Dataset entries
[Start of Attachment]

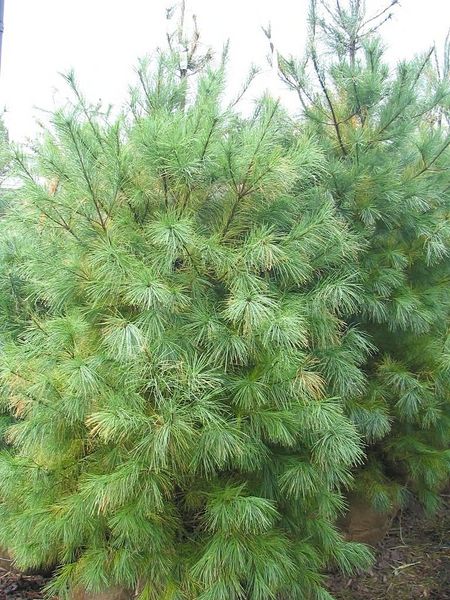 Archivo:Pinus strobus joven.jpg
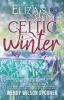 Celtic Winter: Eliza's Story: 2 (Once Upon an Irish Summer)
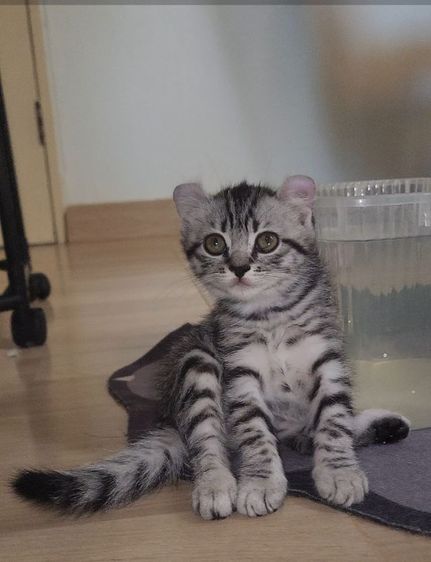 อเมริกันเคิร์ล รูปที่ 2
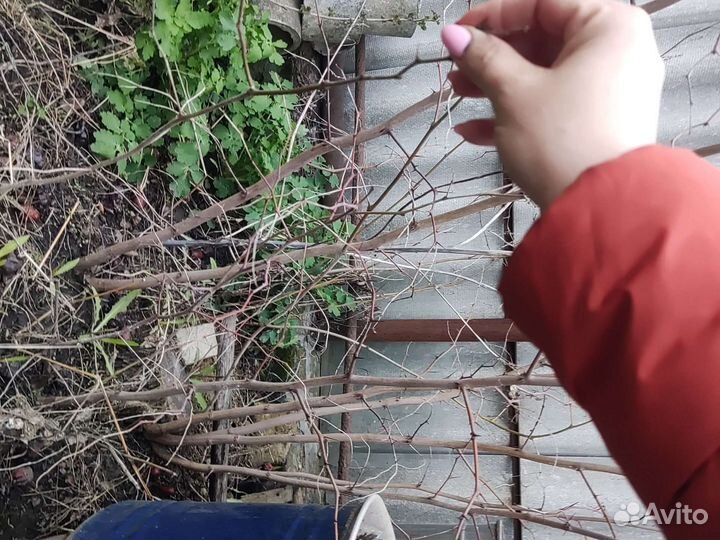 Саженцы унаби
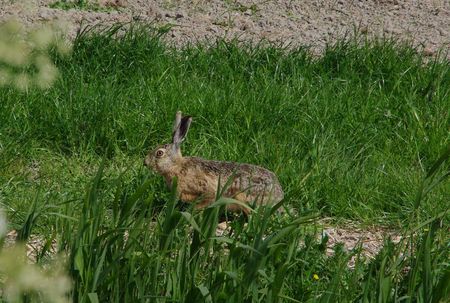 hare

[End of Attachment]

▶ [Directions]:
All of the records need to be restated word for word, but not the pictures.

▶ [Reply to the task]:
 Archivo:Pinus strobus joven.jpg
 Celtic Winter: Eliza's Story: 2 (Once Upon an Irish Summer)
 อเมริกันเคิร์ล รูปที่ 2
 Саженцы унаби
 hare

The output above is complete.